XMsD68HnejBXABBaSiR3nl4DhiBV28OkDfbqDe4F

Partisipasi Difabel dalam IWD Jogja 2024: Hak Dasar Kami Belum Terpenuhi


Aksi memperingati International Women’s Day di Yogyakarta (Foto : Reporter Philosofis)


Cuaca terik dan kepadatan lalu lintas, tak memadamkan semangat massa aksi di Bunderan UGM pada Jumat, 8 Maret 2024, untuk memperingati International Women’s Day (IWD). Sekitar pukul 10.00 WIB, dengan tajuk Mari Kak Rebut Kembali, massa aksi yang terdiri dari berbagai individu, komunitas, dan kelompok difabel, mulai menyerukan keresahannya. Kehadiran kelompok difabel menambah ruang inklusif bagi sesama.

“Kami mengajak teman-teman difabel untuk ikut dalam kegiatan ini (peringatan IWD). Kami ingin memfasilitasi serta mengundang semua orang untuk hadir terlepas dari komunitas dan keperluannya,” ucap Yolanda, selaku humas dari IWD Yogyakarta.

Yolanda menambahkan, bahwa pemilihan tempat hingga tidak adanya long march merupakan suatu bentuk advokasi agar Hari Perempuan Sedunia bisa diakses oleh semua orang.

“Kami memikirkan akses-akses jalan hingga akses evakuasi. Menurut kami, Bundaran UGM menjadi pilihan yang tepat,” tambahnya siang itu.

Salah seorang teman tuli yang hadir, Flo sapaan akrabnya, ikut andil dalam memperingati Hari Perempuan Sedunia. Ia memiliki harapan bahwa teman-teman tuli mendapatkan akses yang mudah untuk mendapatkan informasi.

“Akses informasi yang penuh dan jelas itu sangat penting. Kami kesulitan di bidang pendidikan hingga pekerjaan,” ucap Flo dengan kacamata frame bulat yang bertengger.

Bagi Flo, kesulitan akses informasi bagi teman-teman tuli, menyebabkan mereka sulit mendapat pekerjaan. Selain itu, mereka juga rentan terhadap diskriminasi.

“Jarang mendapat pekerjaan, sebab tuli dipaksa untuk bicara oral, tidak boleh memakai bahasa isyarat, dan harus memakai alat bantu dengar,” jelas Flo kepada awak media.  

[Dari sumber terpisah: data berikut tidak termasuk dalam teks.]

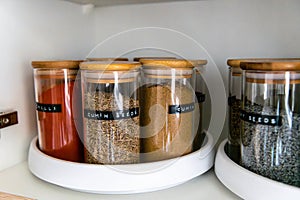 Organized labeled food pantry in a home kitchen with spices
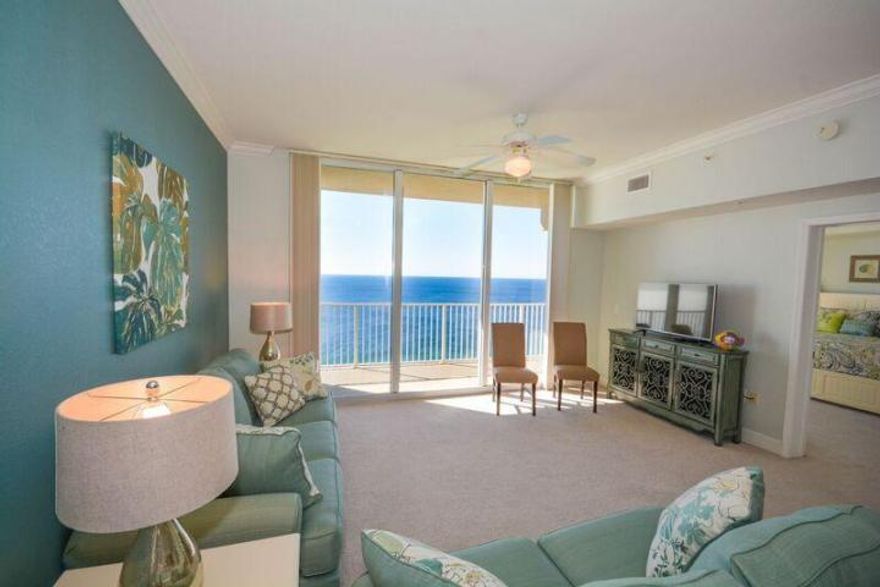 This 28th floor Penthouse condo has been recently renovated with new paint and furnishings thruout. It features a unique and spacious floor plan with the living room and master bedroom opening onto a 30' wide x 6' deep gulf front balcony. Other features include a bunk room with closet and access to the second bath. This penthouse offers 9 1/2 foot ceilings with crown molding, travertine floors, a fully equipped kitchen with stainless steel appliances, a double door refrigerator with water and ice and large breakfast bar. This low priced condo is being sold as a turnkey rental investment. Similar plans have grossed over $35K annually! It is nicely decorated in updated relaxed 'coastal living' dcor. Tidewater Beach Resort is ideally located at the West end of Panama City Beach,just 15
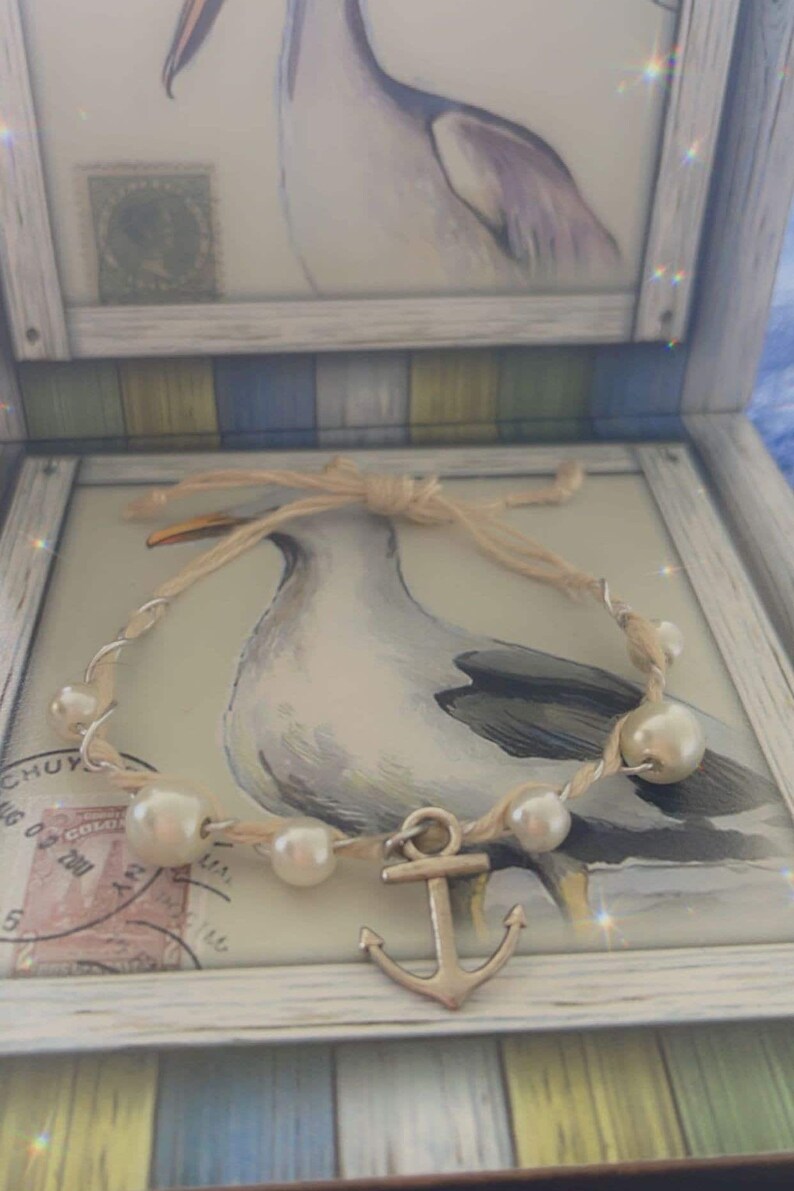 May include: A nautical-themed bracelet with faux pearls and a silver anchor charm. The bracelet is displayed in a decorative box with a seagull illustration and a twine bow.
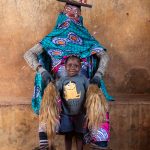 Celebrating the feminine divinity, a young child sits with a masked Guèlèdè dancer in Benin (image by Inger Vandyke)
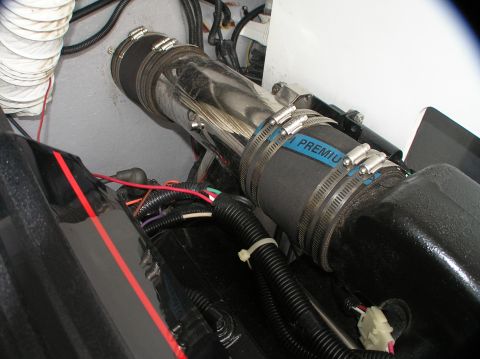 1997 Crownline 266 CCR - Close-up view of engine compartment components including hoses and wiring.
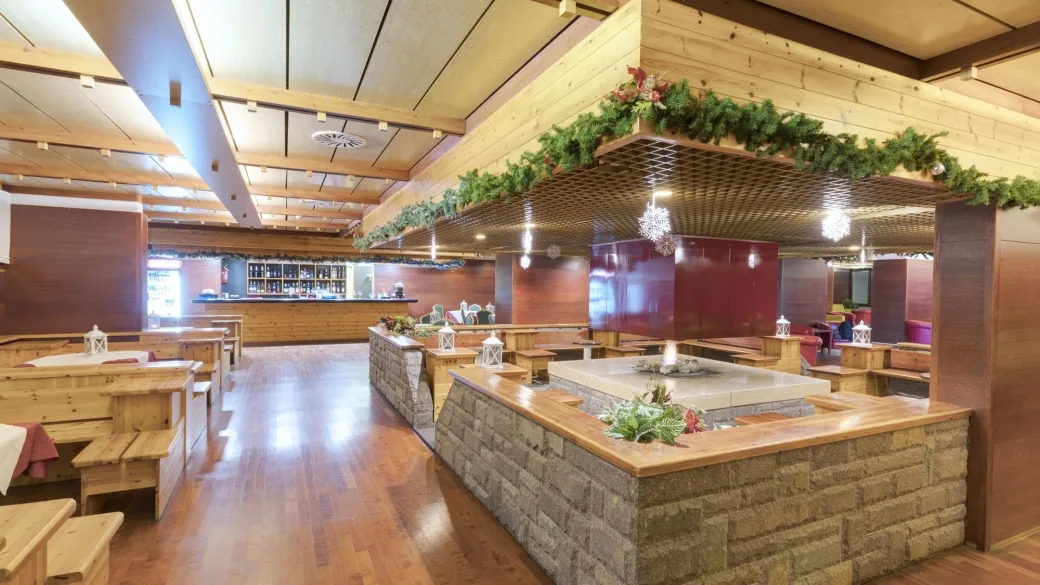 Area lounge bar con focolare centrale in pietra e arredi in legno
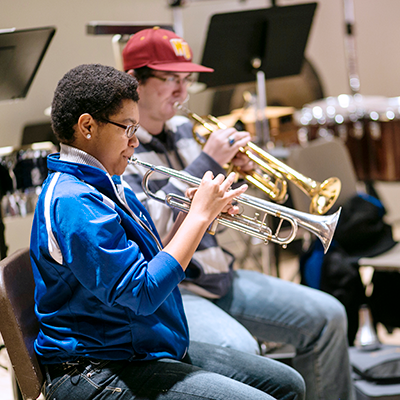 Two people playing trumpets with drums and music stands in the background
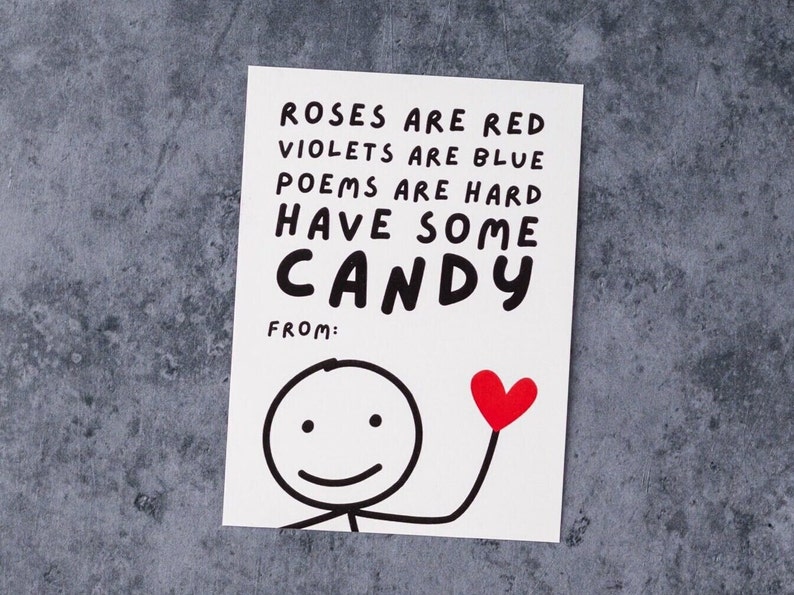 May include: A white greeting card with the text "Roses are red, violets are blue, poems are hard, have some candy" in black. A stick figure holds a red heart. The card is on a gray surface.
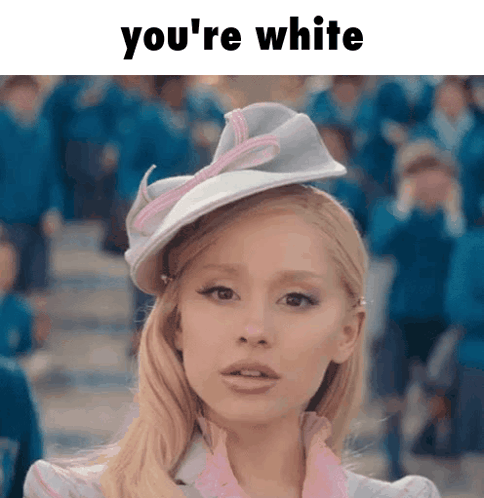 Blonde Woman in White Hat Saying You're White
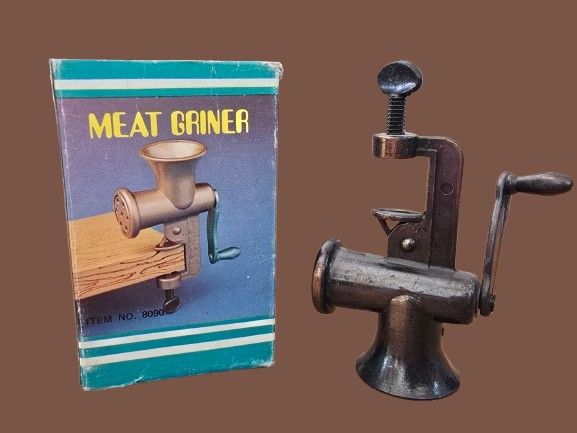 Vintage pencil sharpener made of bronze-tone cast metal - Antique Manual meat grinder in the 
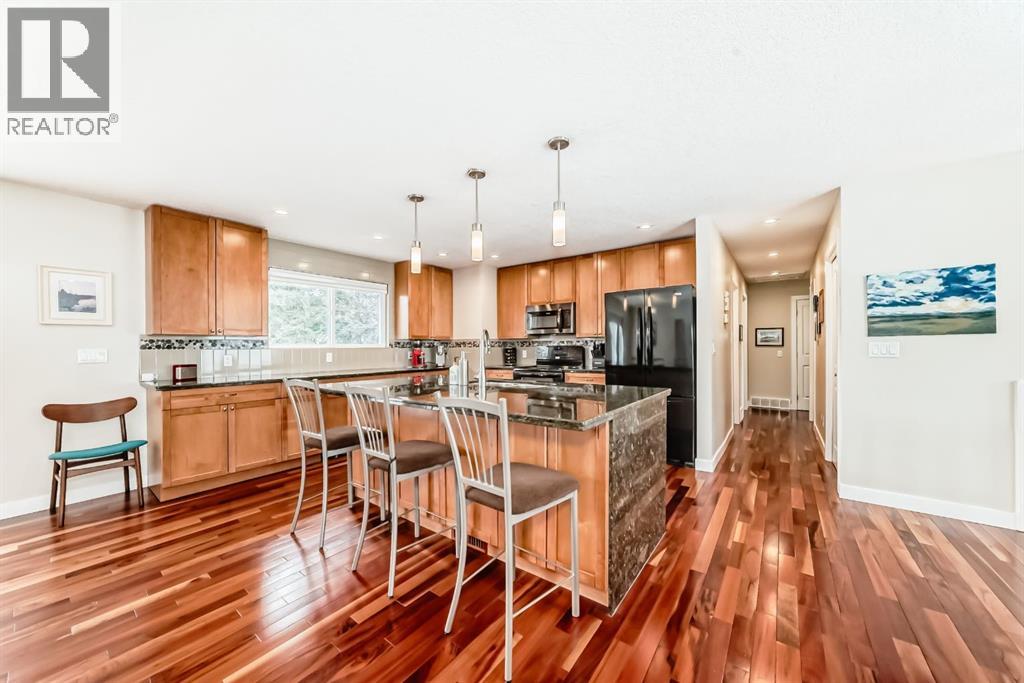 Single Family House Bi-level for Sale in  Varbow Place NW Varsity Calgary 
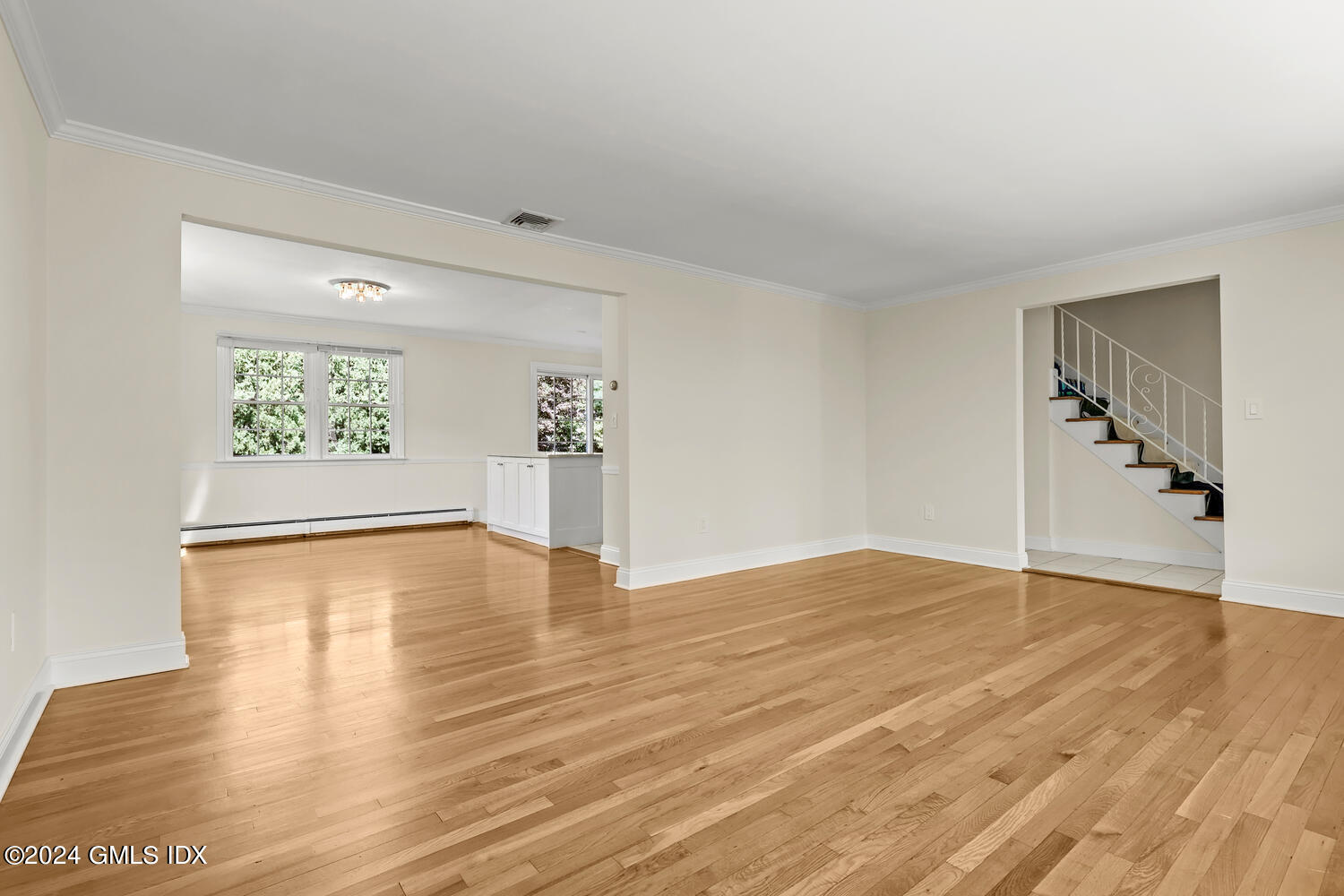 32 Rainbow Drive Riverside, CT 06878 - Photo 2 of 19 a view of an empty room with window and wooden floor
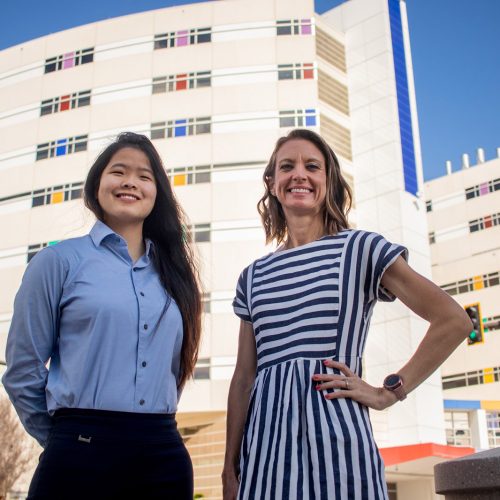 Professor and student stand before hospital building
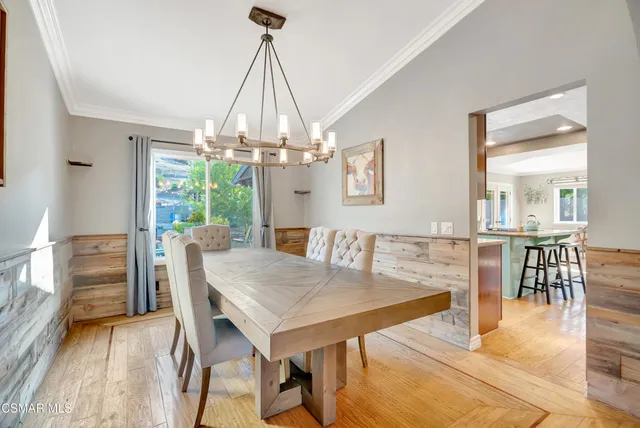 a kitchen with kitchen island granite countertop wooden cabinets a counter top space a sink and stainless steel appliances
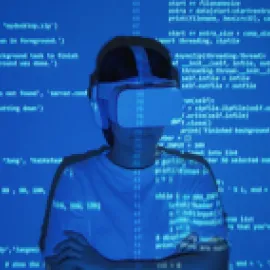 Image of woman with VR goggles on with computer code projected on her.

Menurutnya, teman-teman tuli tidak boleh dipaksa untuk mendengar atau berbicara oral. Fasilitas berupa BISINDO atau Bahasa Isyarat Indonesia harus diberikan kepada mereka. Kesulitan akses informasi pun tidak hanya terjadi pada dunia pekerjaan, tetapi juga bidang pendidikan.

“Pendidikan Sekolah Luar Biasa (SLB) masih banyak menggunakan kurikulum dasar yang berbeda dengan kurikulum umum … (ketika) masuk di sekolah inklusi juga akhirnya ada kebingungan,” ucap Flo menjelaskan.

Kebingunan disebabkan adanya hambatan literasi, bahasa yang dipakai terlalu tinggi. Banyak teman-teman tuli yang belum paham artinya hingga struktur kalimatnya.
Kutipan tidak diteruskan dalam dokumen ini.